America’s system of education was built for racial dominance. Anyone who actually studies history knows that. So it was curious to read the Times article “Teachers Union Chief; School Choice Rooted in Segregation” this week, where AFT president Randi Weingarten singled out “school choice” for its purported racist roots, when a more accurate title really should have read something like “American Society Rooted in Segregation.”
This matters because if we care about dismantling segregation root and branch we need to start at the base and not focus on one small twig.
And while, yes, I agree choice has been used for segregation, so have district boundaries, the state militias, private housing choices, public housing policy, state and local laws, the supreme court, tracking, etc. And lest we forget the segregated schools that we are supposedly desegregating—were segregated by law—those are the traditional public schools, and they are still fighting desegregation, not with pickets and pitchforks, but neighborhood boundaries and admission tests.
So yeah school choice has some roots in segregation, but the American education system is deeply rooted in it. And to focus on one and not the other seems either disingenuous or just naive.
So let’s look at how great things were for Black folks prior to school choice and how well we were served by the “public” education system.
From Wikipedia:
The fears of slave insurrections and the spread of abolitionist materials and ideology led to radical restrictions on gatherings, travel, and—of course—literacy. The ignorance of the slaves was considered necessary to the security of the slaveholders[4] Not only did owners fear the spread of specifically abolitionist materials, they did not want slaves to question their authority; thus, reading and reflection were to be prevented at any cost.
Each state responded differently to the insurrection. While Mississippi already had laws designed to prevent slave literacy, in 1841 the state legislature passed a law that required all free African-Americans to leave the state so that they would not be able to educate or incite the slave population. …While states like South Carolina and Georgia had not developed legislation that prohibited education for slaves, other, more moderate states responded directly to the 1821 revolt. In 1833, Alabama enacted a law that fined anyone who undertook a slave’s education between $250 and $550; the law also prohibited any assembly of African-Americans—slave or free—unless five slave owners were present or an African-American preacher had previously been licensed by an approved denomination.
Even North Carolina, which had previously allowed free African-American children to attend schools alongside whites, eventually responded to fears of insurrection. By 1836, the public education of all African-Americans was strictly prohibited.
These were the laws of the land, public schools were not meant to liberate Blacks, we were deliberately kept ignorant. Some might say we still are.
Formal segregation was the norm in the North and the South in the traditional public schools, and even after Brown v Board of Education and the Supreme Court’s recognition that separate was inherently unequal. The traditional public schools remained segregated through a thousand clever legal mechanisms. And traditional public schools are becoming increasingly segregated as we speak, which apparently is not a concern.
From US News:
A new report from the Government Accountability Office shows that from school years 2000-2001 to 2013-2014, the percentage of all K-12 public schools that had high percentages of poor and black or Hispanic students grew from 9 to 16 percent.Moreover, these schools were incredibly racially and economically concentrated: 75 to 100 percent of the students were black or Hispanic and poor.

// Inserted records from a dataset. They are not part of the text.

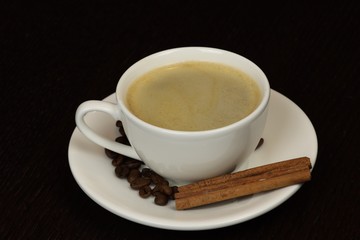 cup of coffee on black backround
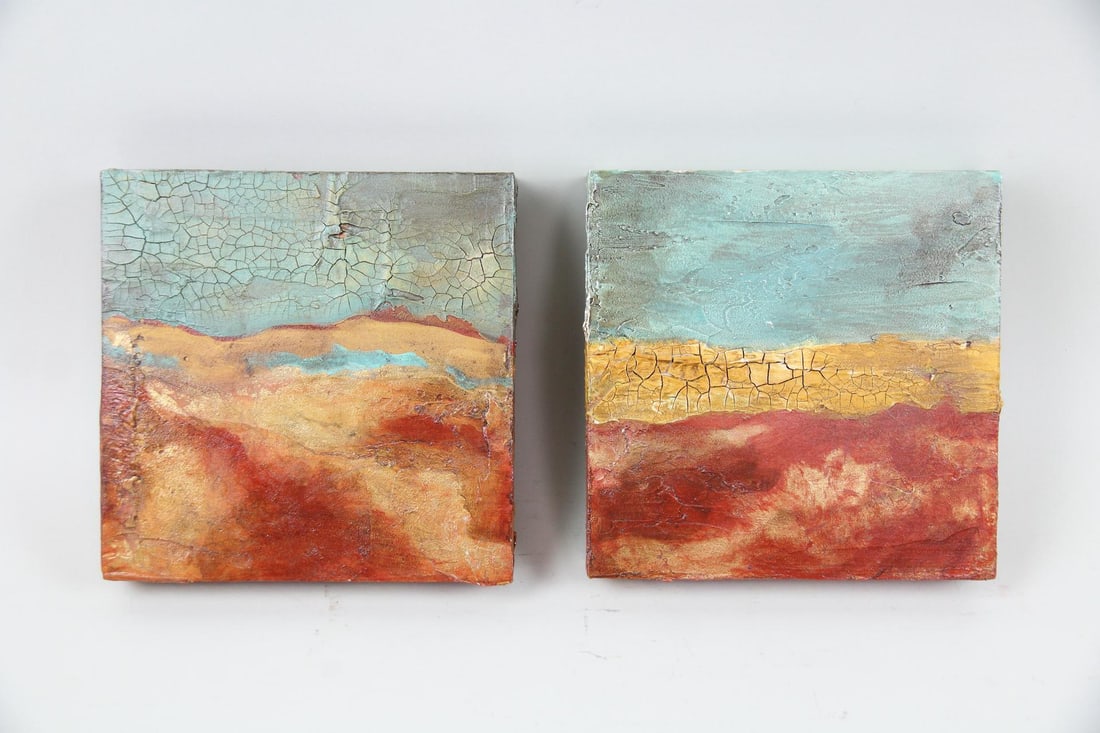 Pair of Abstract Mixed Media Paintings by Merry Calderoni: Pair of Abstract Mixed Media Paintings by Merry Calderoni. Two square textural paintings on open cradled panel in a primary color palette of sky blue, ochre, and red. Artist's information included on 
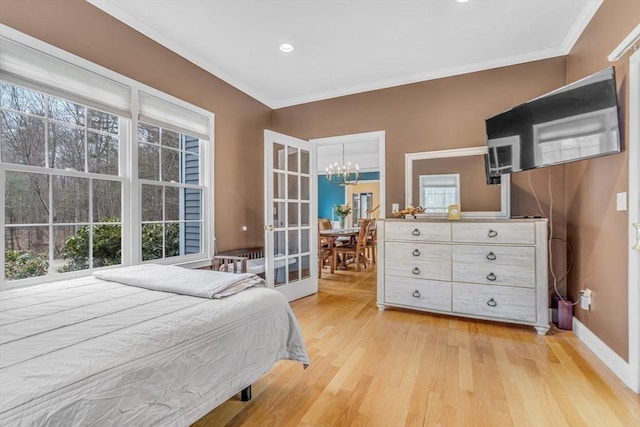 bedroom featuring crown molding, recessed lighting, baseboards, a chandelier, and light wood-style flooring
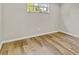 Bright, empty bedroom with wood-look flooring and a window providing natural light at 801 Fox Valley Dr, Longwood, FL 32779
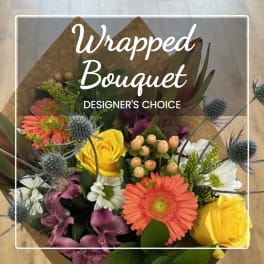 Wrapped bouquet with yellow roses, orange gerberas, and purple flowers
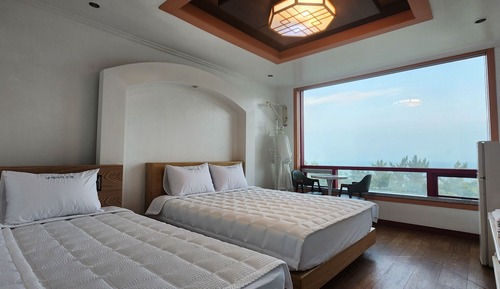 Habitación con 2 camas individuales, vistas al mar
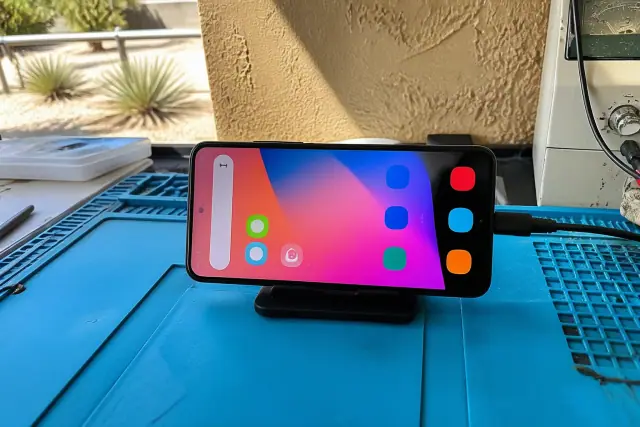 Smartphone screen being tested with diagnostic cables on a workbench in Chandler, AZ.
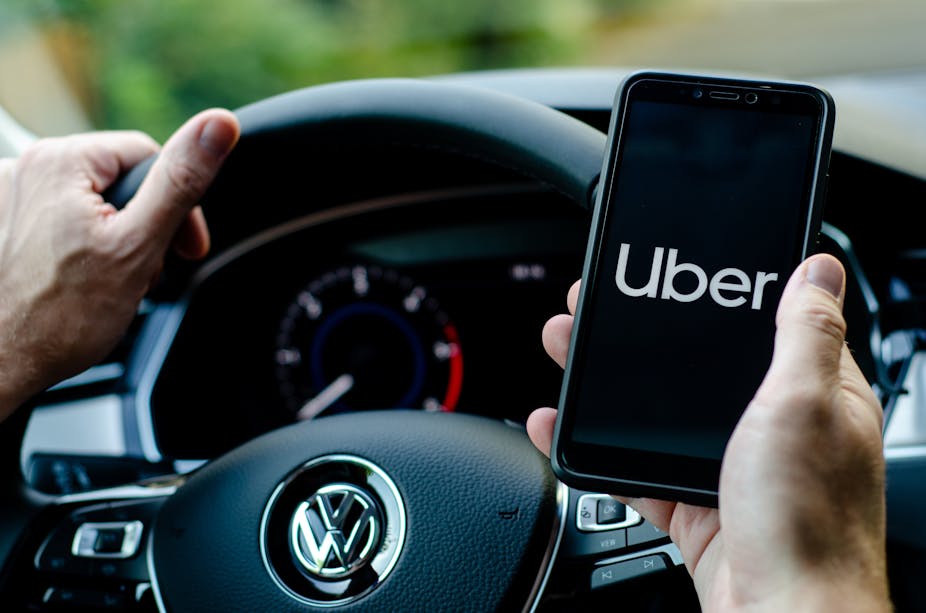 Une main sur un volant de voiture, l'autre main tient un smartphone avec l'application Uber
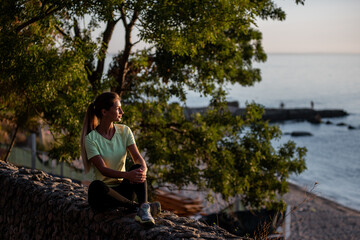 Fitness athlete runner woman relaxing in sunset. Girl sits on rocks after an active jogging workout.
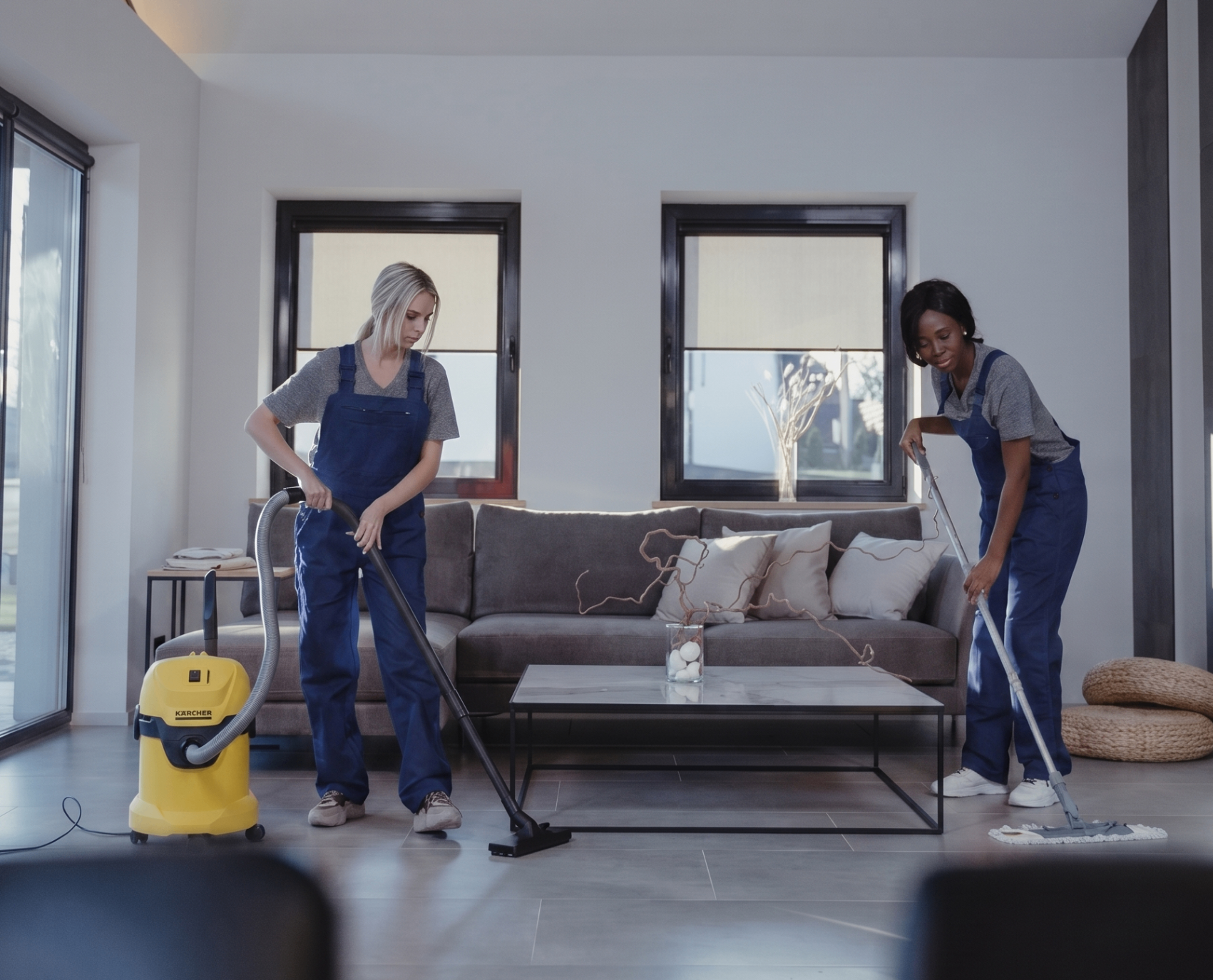 Two professional cleaners working together to vacuum and mop a modern living room
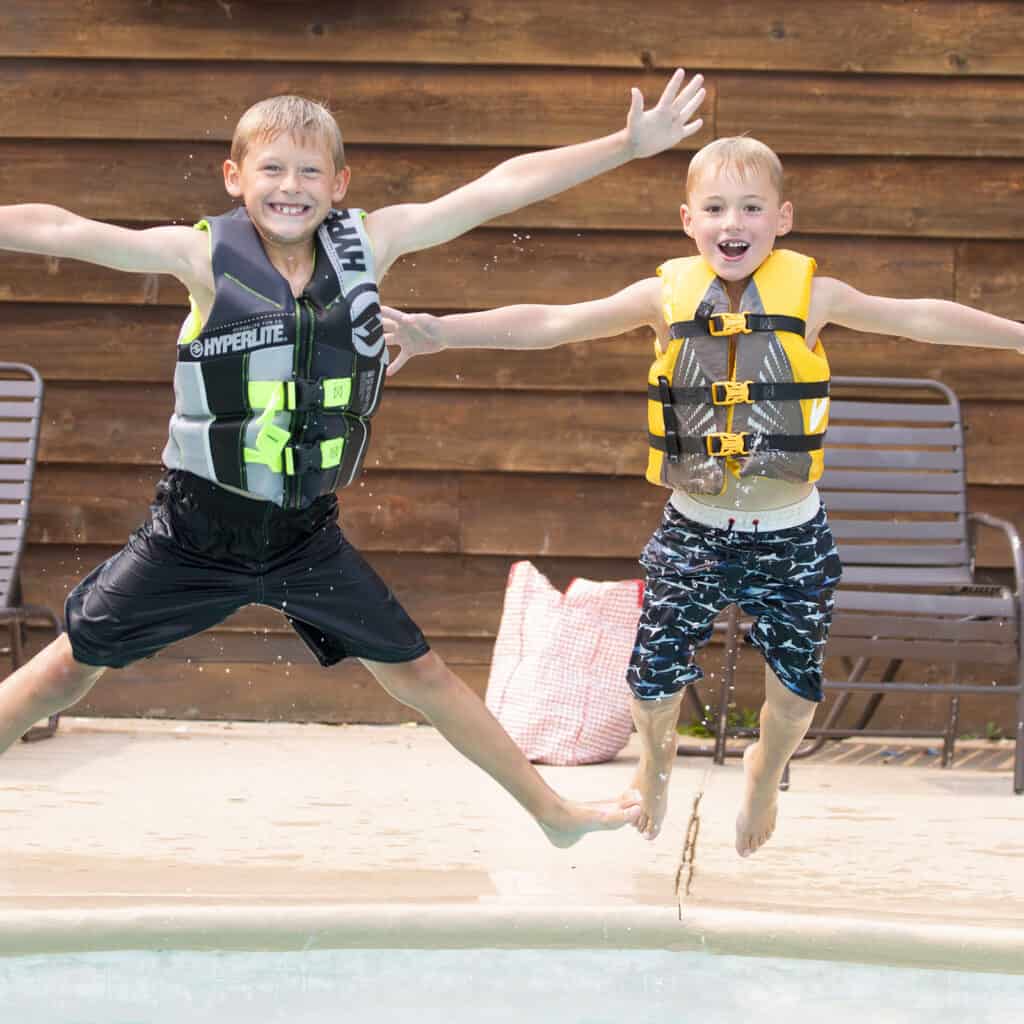 Square photo of kids jumping into a swimming pool at Ruttger's Resort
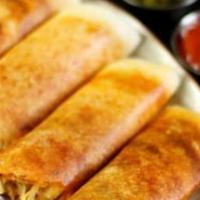 Spring Masala Dosa · Spiced crepe filled with onion, cabbage, carrot, and green onion.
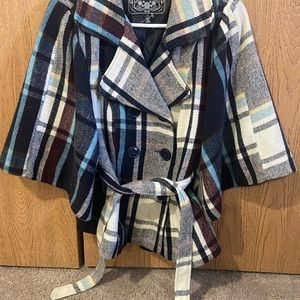 Woman’s plaid coat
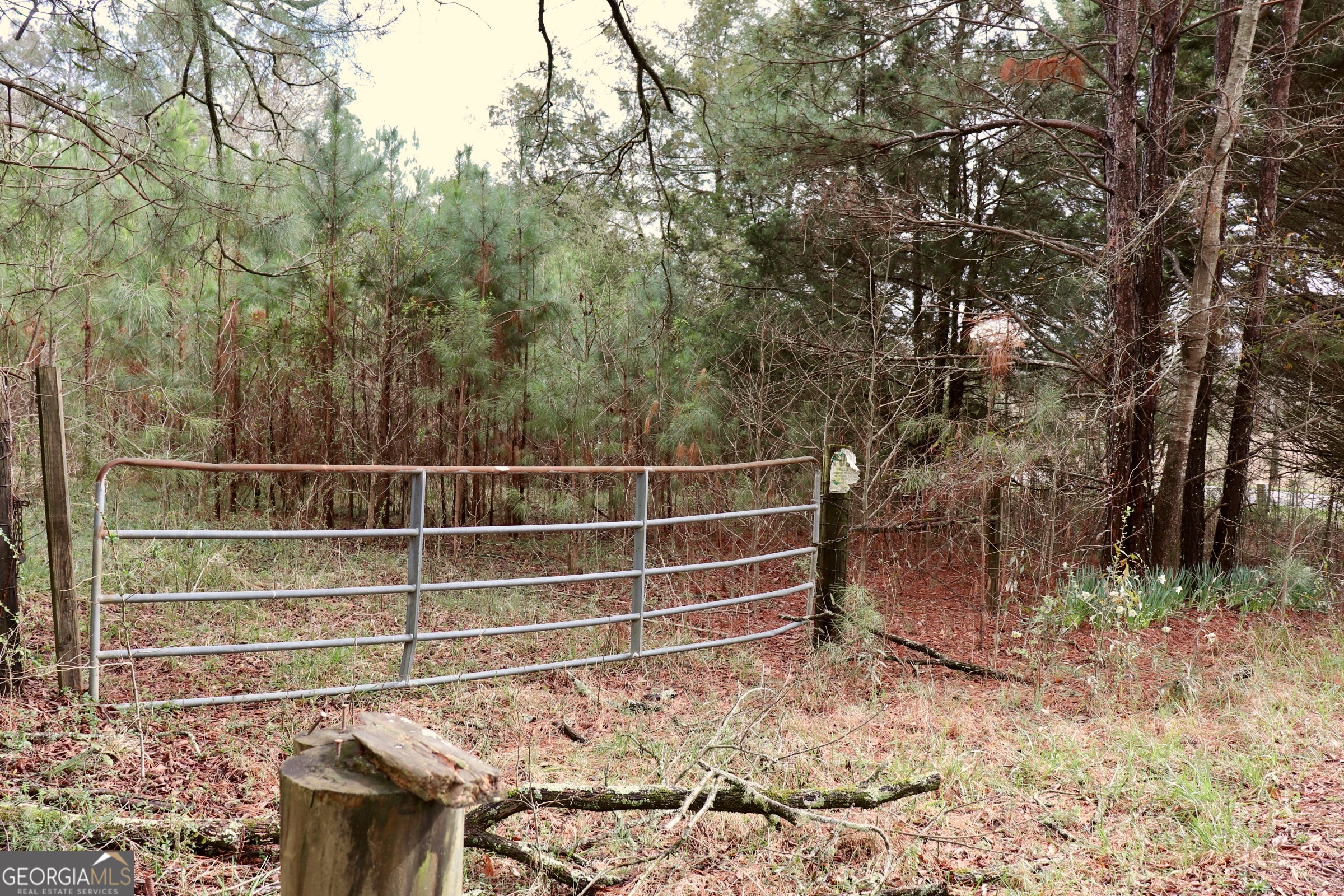 a view of a wooden fence and trees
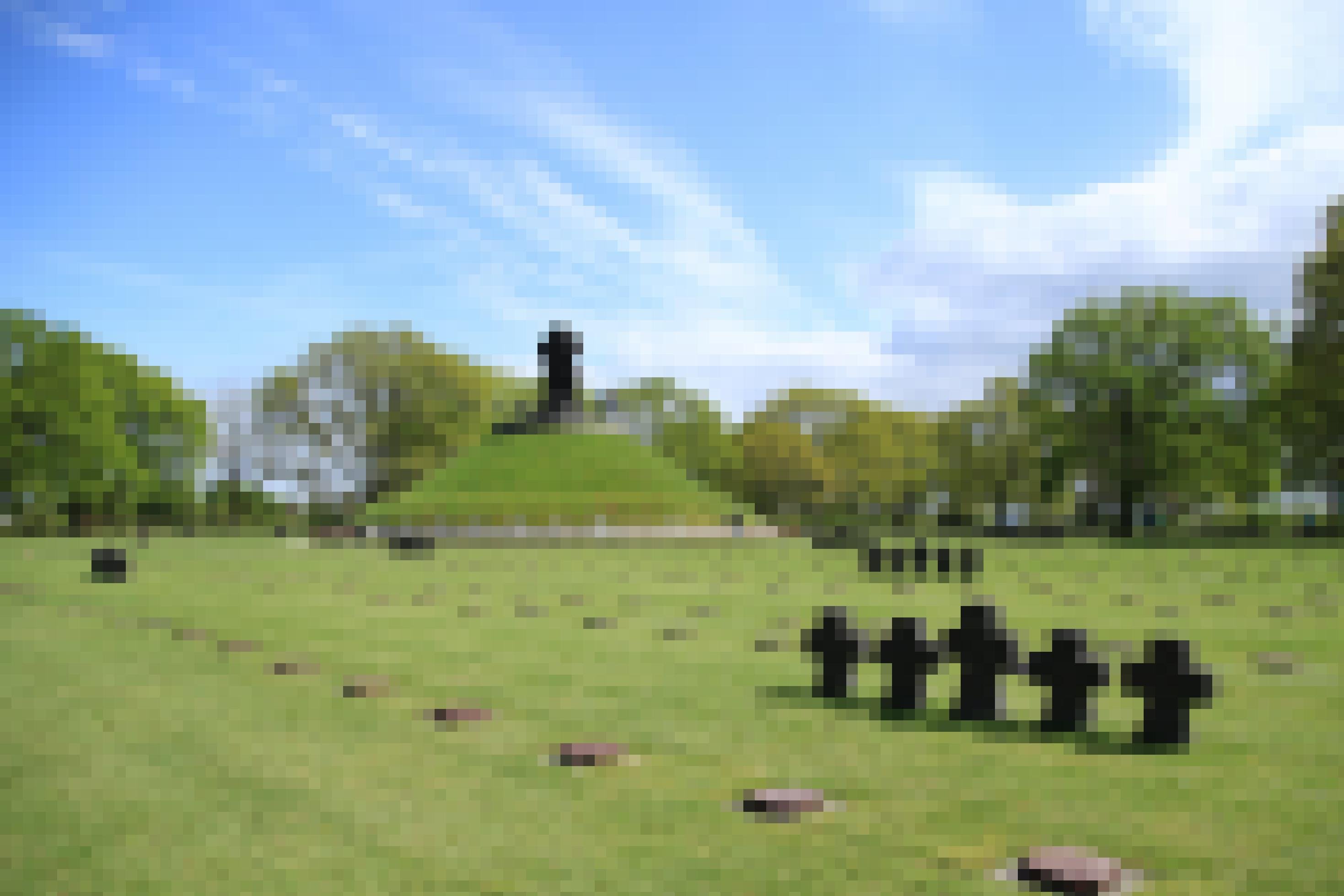 Ein Friedhof mit einigen steinernen Kreuzen und einer Erhöhung samt Kreuz-Denkmal.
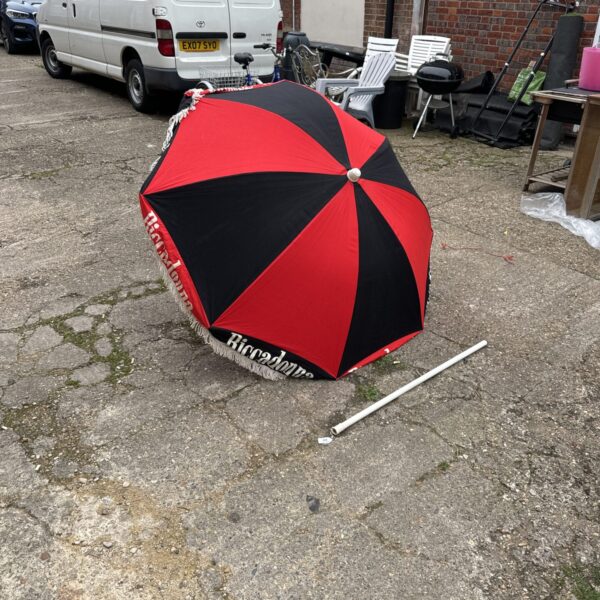 Vintage Riccadonna garden parasol in black and red.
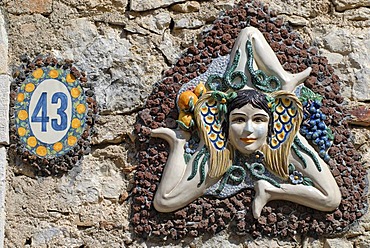 The symbol of Sicily, a girl's head surrounded by snakes and small wings with three running angled legs, sun wheel, on a wall, Taormina, Messina, Sicily, Italy, Europe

Segregation is a problem. The use of public resources to privilege the privileged and further disadvantage the disadvantaged is shameful and should be discouraged, in whatever guise it appears. These are not “choice” problems, they are American problems. And racism and segregation are as American as apple pie, and have been around even longer than it.
To address this we don’t need scapegoats, we need honesty—so yeah, choice in some cases has contributed to segregation, but so has everything else in the U.S. education system. And if we are looking for solutions we need to focus on the problems, not scoring political points.